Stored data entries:

....

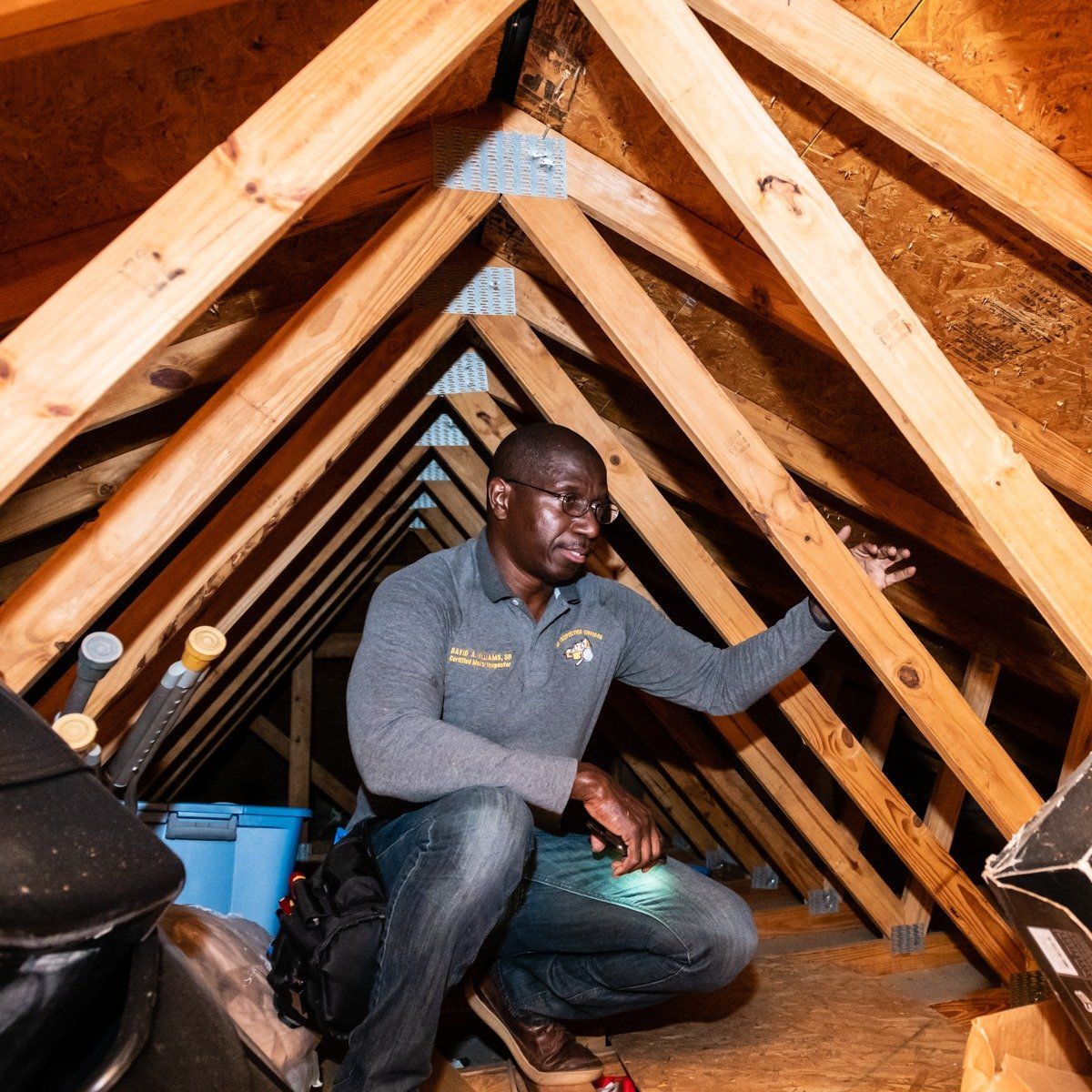 A person inspects wooden roof trusses and structural framing in a dimly lit attic while holding a flashlight.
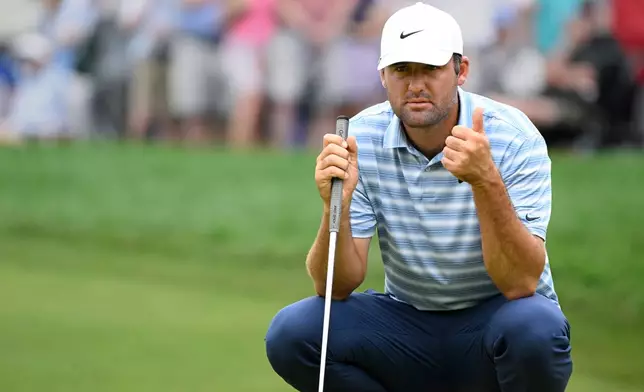 Scottie Scheffler gives a thumbs up to his caddie on the 9th hole during the second round of the Travelers Championship golf tournament at TPC River Highlands, Friday, June 26, 2026, in Cromwell, Conn. (AP Photo/Jessica Hill)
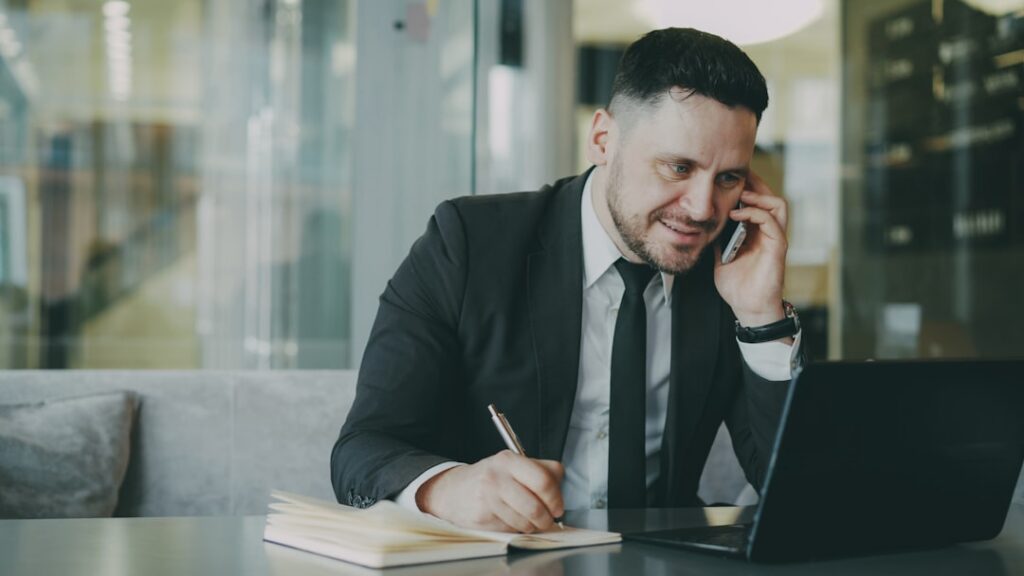 Business owner on a phone call in their office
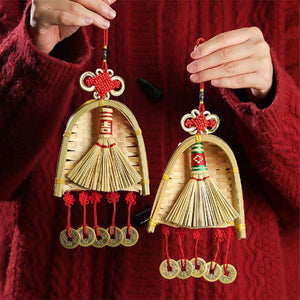 Broom Dustpan Decor ornament in woven golden straw, with a miniature broom, arched dustpan, red knots and coin charms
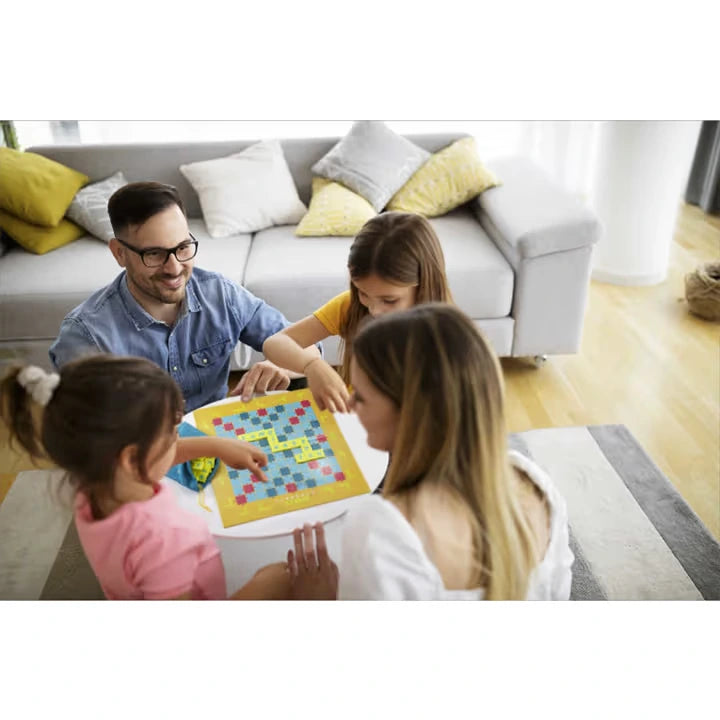 Scrabble Junior game being played by a family around the board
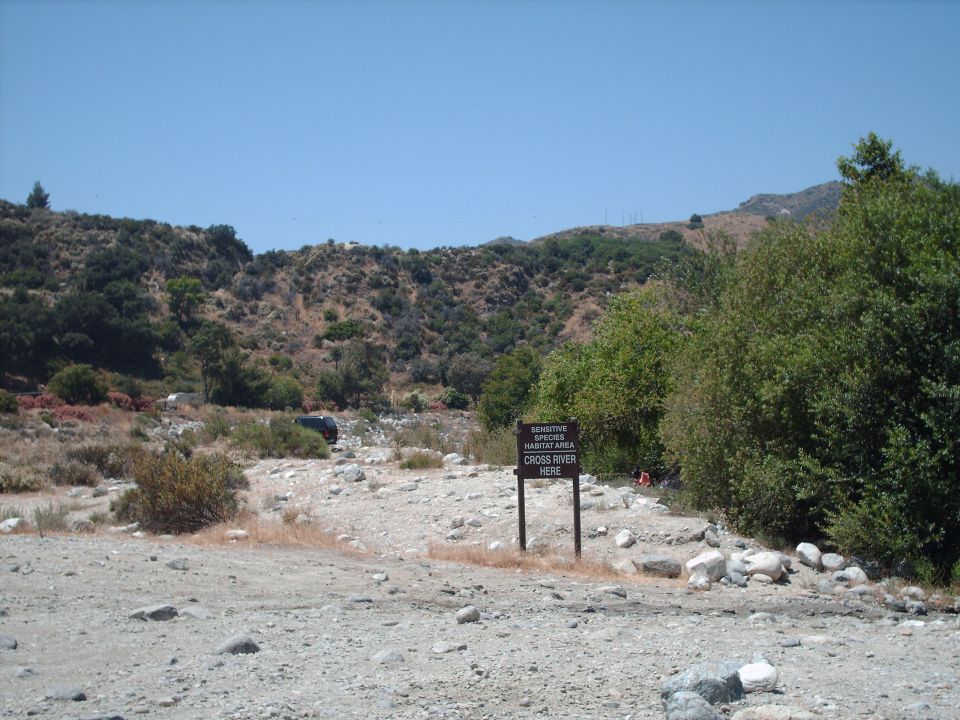 Dark SUV parked in dry riverbed with a "Cross River Here" sign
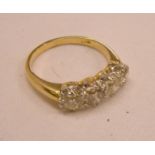 A marked 18ct. yellow metal four stone diamond ring - 1.75ct. TDW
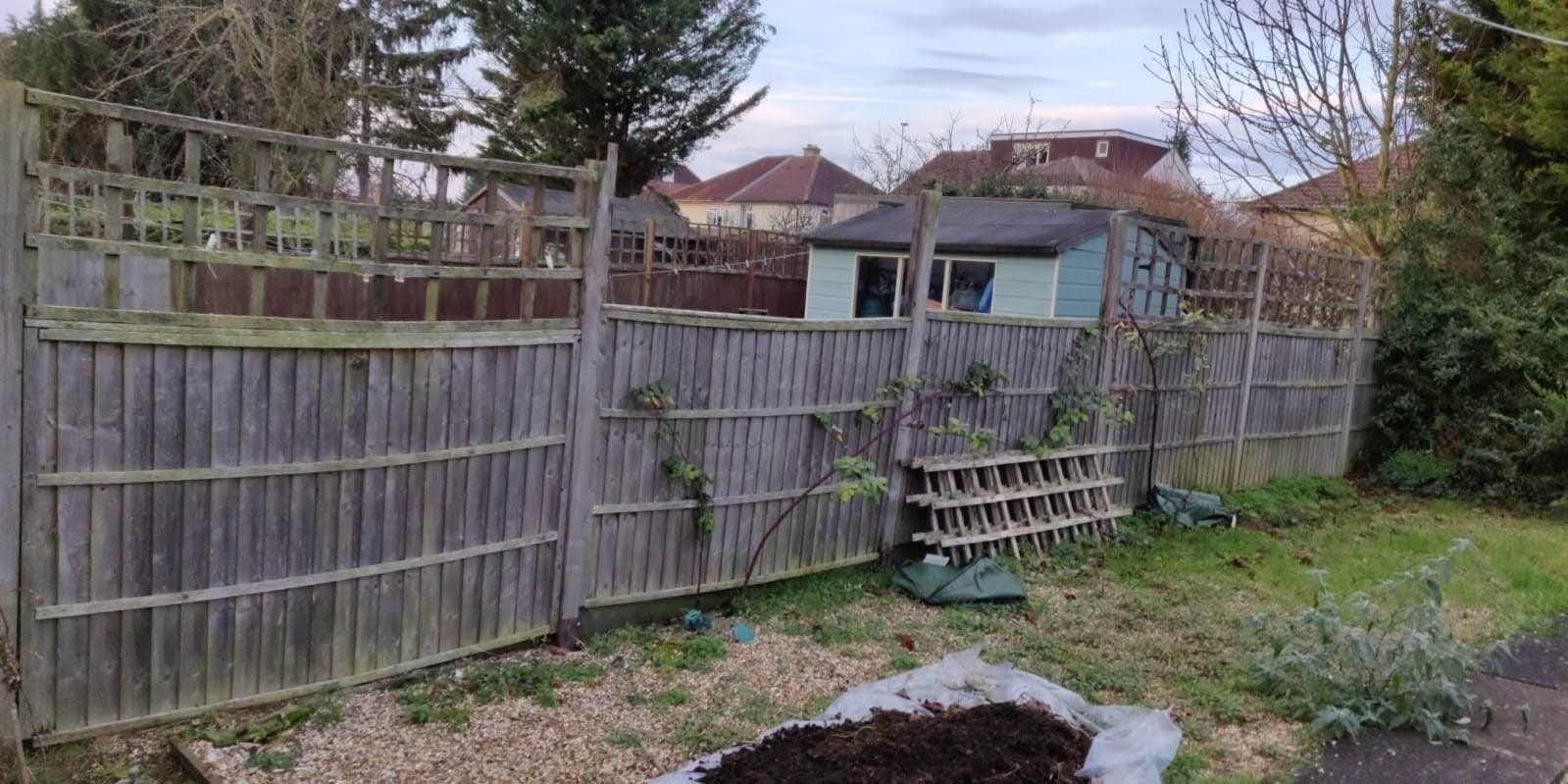 old wooden fence with trellis top before being replaced.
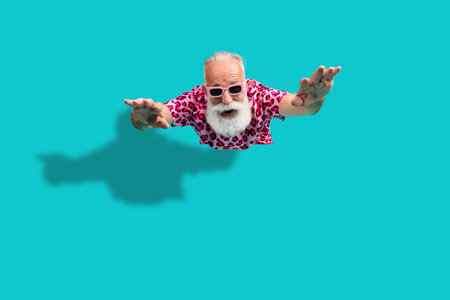 Full length photo of handsome bearded grandpa flying enjoy summer dressed stylish pink leopard print garment isolated on cyan backgroundの写真素材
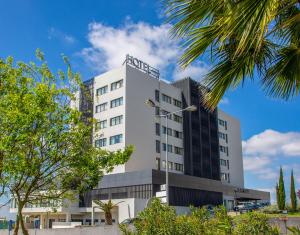 um prédio branco com árvores na frente em Santarem Hotel em Santarém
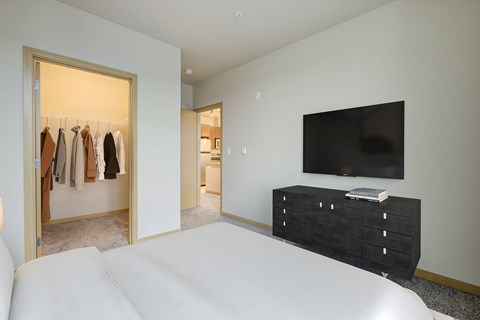 A bedroom with a large bed and a wardrobe with clothes hanging.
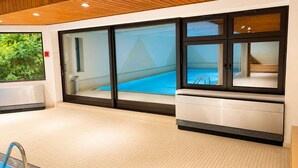 Un área de piscina interior moderna con paredes de vidrio, techo de madera y suelo de baldosas.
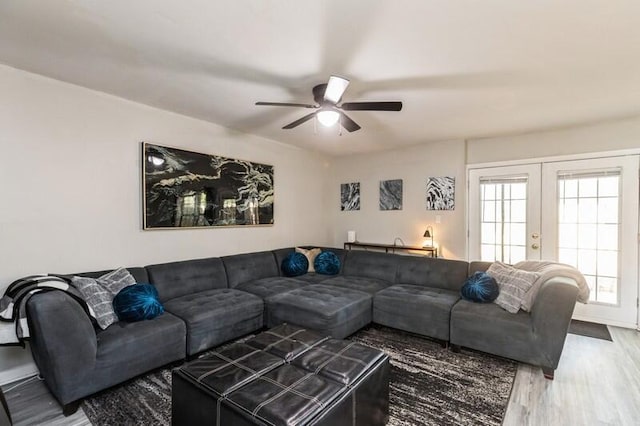 living room with french doors, wood finished floors, and a ceiling fan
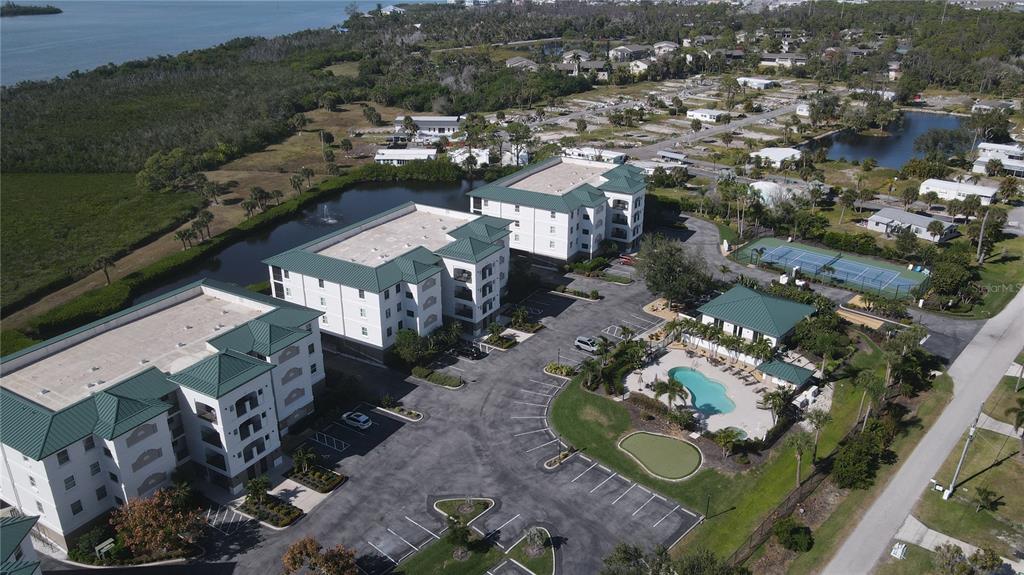 9203 Griggs Road, Unit B102 Englewood, FL 34224 - Photo 65 of 66 an aerial view of residential houses with outdoor space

....

▶ [Aim of the exercise]: Return exactly, with no pictures, each line from the one that contains "living room with" through the end of the entries above, both ends included.

▶ [Solution to this problem]:
 living room with french doors, wood finished floors, and a ceiling fan
 9203 Griggs Road, Unit B102 Englewood, FL 34224 - Photo 65 of 66 an aerial view of residential houses with outdoor space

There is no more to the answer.